I curse – like a seasoned sailor. I have a dirty mind, or a sexy imagination, depending on who’s judging. I drink – a lot. I get high occasionally. I keep it real – I’m not afraid to speak my mind. And I don’t feel bad for any of the above. My current philosophy on my life consists of doing what I want to do if it makes me happy – as long as I’m not inflicting harm upon anyone or myself. It’s taken great practice to get to this point and I am certain I will run into times where I begin to second guess myself but the truth is, there is no other ideal way for me to live.
Going forward, I wish to only to be surrounded by people who accept and love me for me. If someone has a problem with my ability to use the word “fuck” in pretty much any context or the way I get a hearty laugh out of the fact that I’m still learning how to use a bong, frequently referring to myself as a “newbie,” then that person most likely shouldn’t be around me. If he or she expresses disdain for my frequent inappropriateness or criticizes me for my aptitude to drink a bottle of wine in one sitting, then he or she shouldn’t be a friend of mine.
I have gratefully managed to find myself surrounded by some of the most amazing human beings on this planet – an eclectic mix of old and new, from all corners of the Earth and each with his/her own unique story. They accept me with grace, love me because of my potty mouth, laugh with me when my extensive imagination manifests itself into words or actions, drink bottles of wine with me, light the bong for me and they don’t have a problem letting me know if and when I’ve crossed a line.
I greatly appreciate someone who can look me in the eye and say, “Linds, you’re being irrational and you shouldn’t do that.” – Someone who still loves me even if I don’t heed his/her advice, who now looks me in the eye and says, “I told you so – you shouldn’t have done that you crazy bitch.” I’m reminded every day of just how blessed I am by these people I call my family.
It’s true what they say about knowing who your true friends are when the going gets rough – when life present one with death, disaster, divorce, what have you. I recently lost a couple of friends, who I had deemed close for about ten years. Quite honestly, I’m not sure how or why this came to fruition. The only thing I can figure is that when my life saw some dark trials and tribulations, they saw a bright, neon exit sign.

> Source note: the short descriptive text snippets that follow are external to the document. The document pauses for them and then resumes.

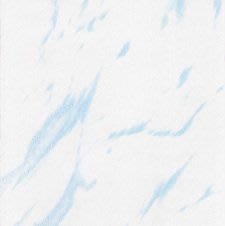 台北區~DIY矽酸鈣板系列~明架、輕鋼架天花板、矽酸鈣板、桂竹紋、雲翼紋、藍雲彩(藍彩下標區)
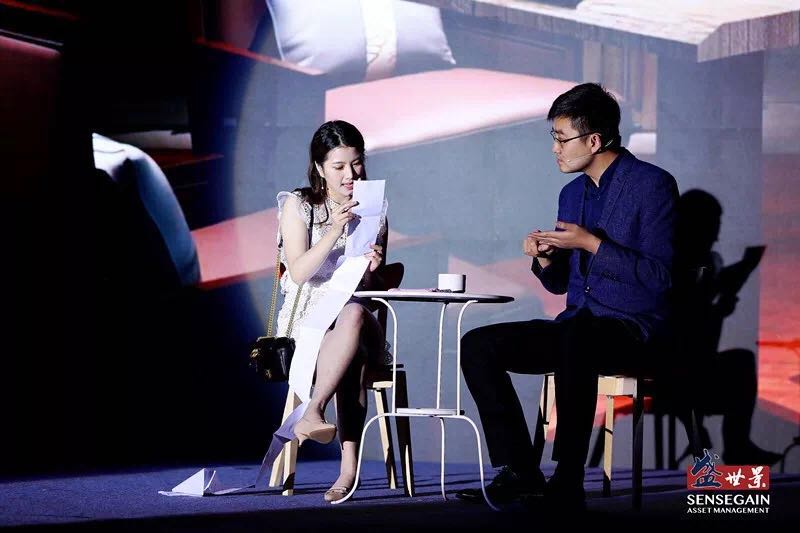 亿德体育app入口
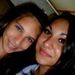 Profile Picture of Maureen McDougall Halbert (@mosey815) on Pinterest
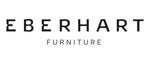Eberhart_logo_horisontalt.jpg Eberhart_logo_horisontalt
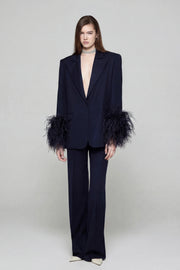 TAILLEUR EREDE DOUBLE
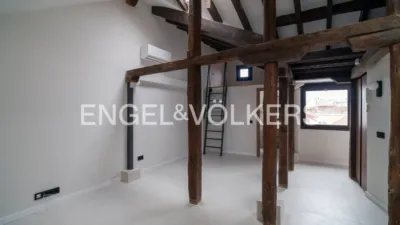 Piso en alquiler en Sol - Imagen 11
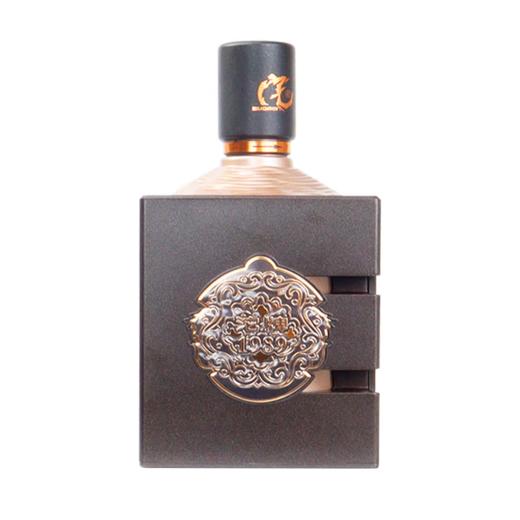 【高端品鉴】沱牌 1989纪念酒  浓香型白酒 52度500ml单瓶  500mL *6瓶整箱 商品图2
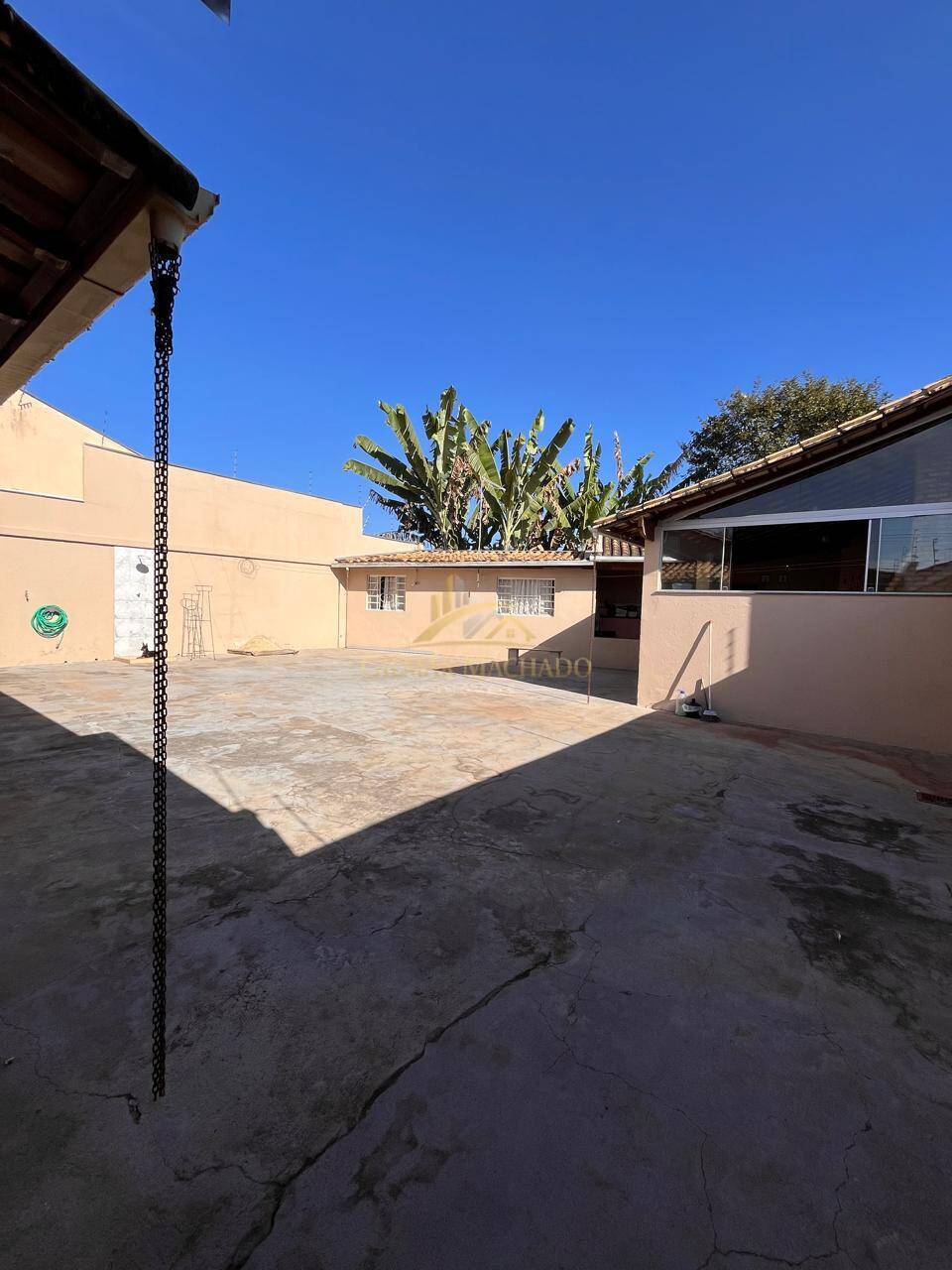 Casa, 3 quartos, 238 m² - Foto 40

I read this funny quote once that said:
In all relationships I’ve ever cared about that appeared to be nearing their end, I’ve had a need to make certain that I gave it my all, so I often found myself blocking the exit way – clawing away at anything that might be salvageable. Truthfully, though, who wants to be surrounded by people that you had to dig your claws into to make them stick around for a little while longer? In my humble opinion, the only claws worth digging are the ones in the bedroom, on someone’s back.
Letting go, though, mercifully comes with growth, maturity and freedom. By finally stepping out of the way of the exit, I allow more room for my true friends and for my self to cultivate the positive kind of life in which I wish to lead. When the ride gets a little bumpy and someone stands up in hasty search for the nearest exit, I’ve discovered that it’s best to let him/her find it. There are plenty of quality passengers already making my ride well worth it and the exciting prospect of, perhaps, others along this journey that will want to hop on. Space is never limited but one must earn a seat.